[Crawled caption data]
● ● ● ● ●
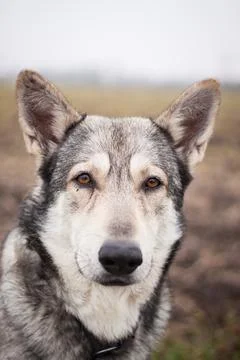 Saarloos Wolfhond Stock Photos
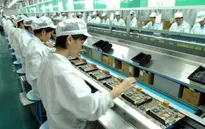 Kiên quyết rút giấy phép các DN yếu kém, lành mạnh hóa thị trường xuất khẩu lao động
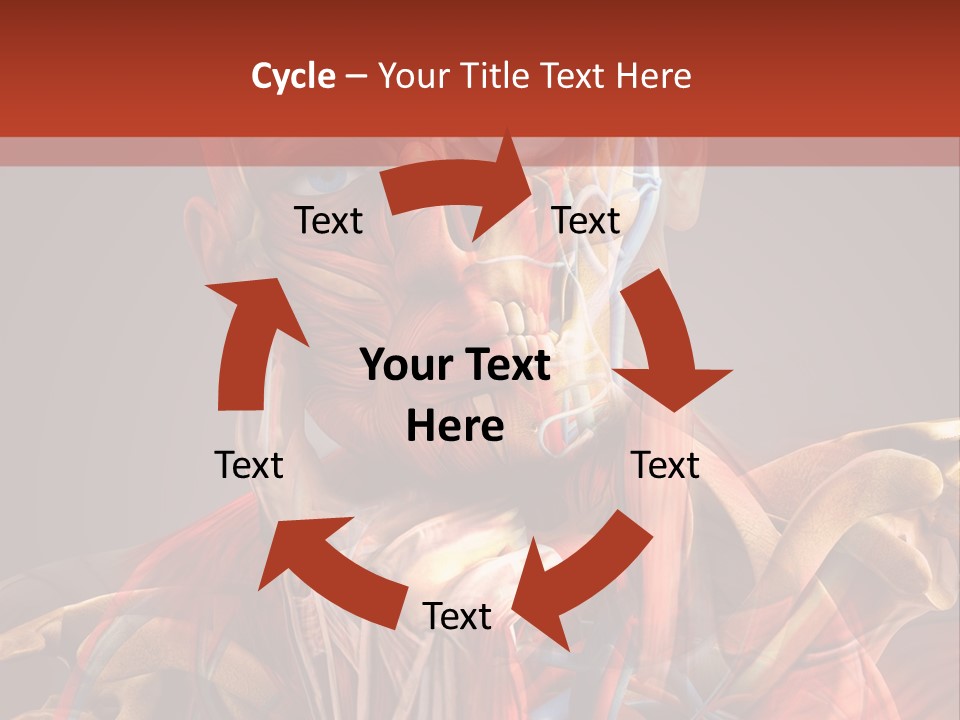 Biology System Anatomy PowerPoint Template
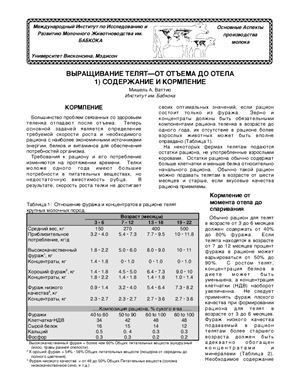 Ваттио М. Выращивание телят от отъёма до отёла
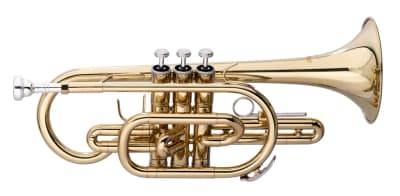 Stagg | WS-CR215S | Si bémol avec étui souple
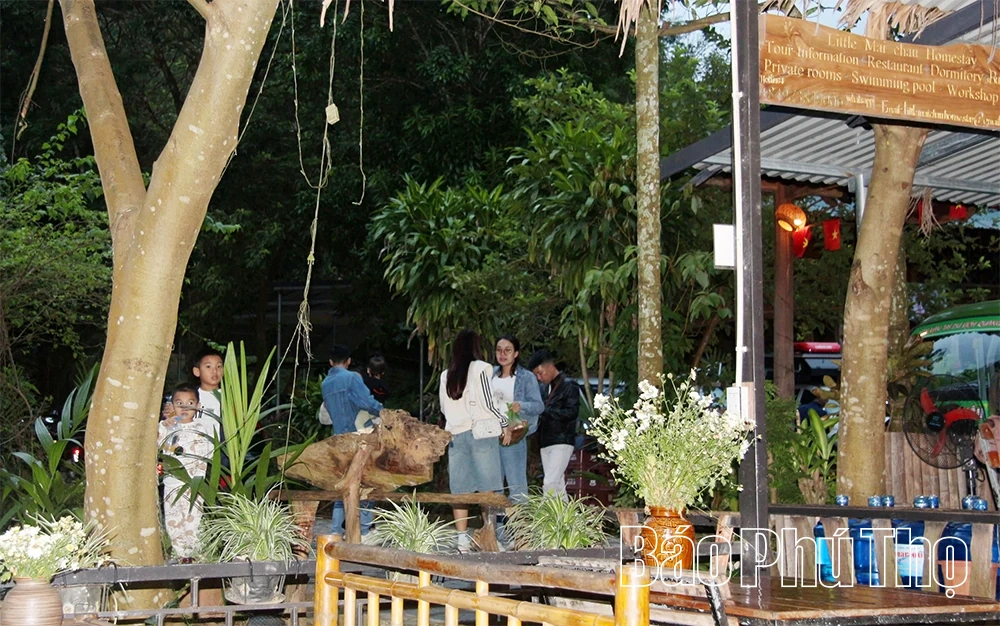 Người đưa hương sắc núi rừng lên bản đồ du lịch quốc tế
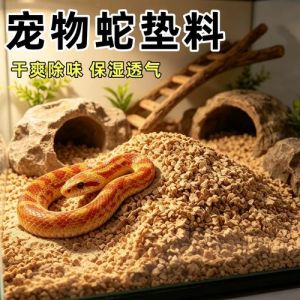 玉米蛇饲养小窍门（玉米蛇怎么养才会认主人）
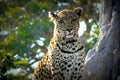 Lonely female leopard waits quiet over a hill looking for her pray in Pom-Pom Island private game reserve, Okavango delta Royalty Free Stock Photo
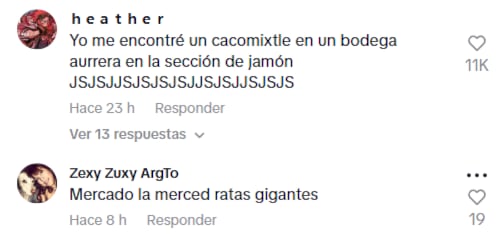 Rata de tamaño grande del Costco de Puebla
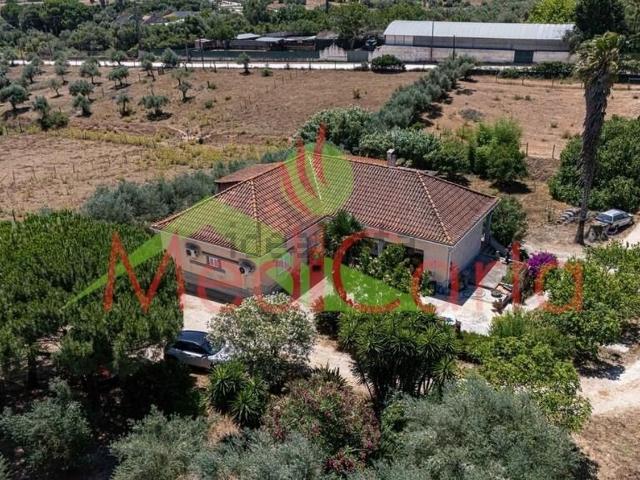 Casa venda em Cartaxo e Vale da Pinta, Cartaxo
● ● ● ● ●
▶ _Try it_
Pictures stay out of the copy. Reproduce exactly the lines from the one containing "Rata de tamaño grande del Costco de Puebla" through the last line of the records above, both included.

▶ _Response area_
 Rata de tamaño grande del Costco de Puebla
 Casa venda em Cartaxo e Vale da Pinta, Cartaxo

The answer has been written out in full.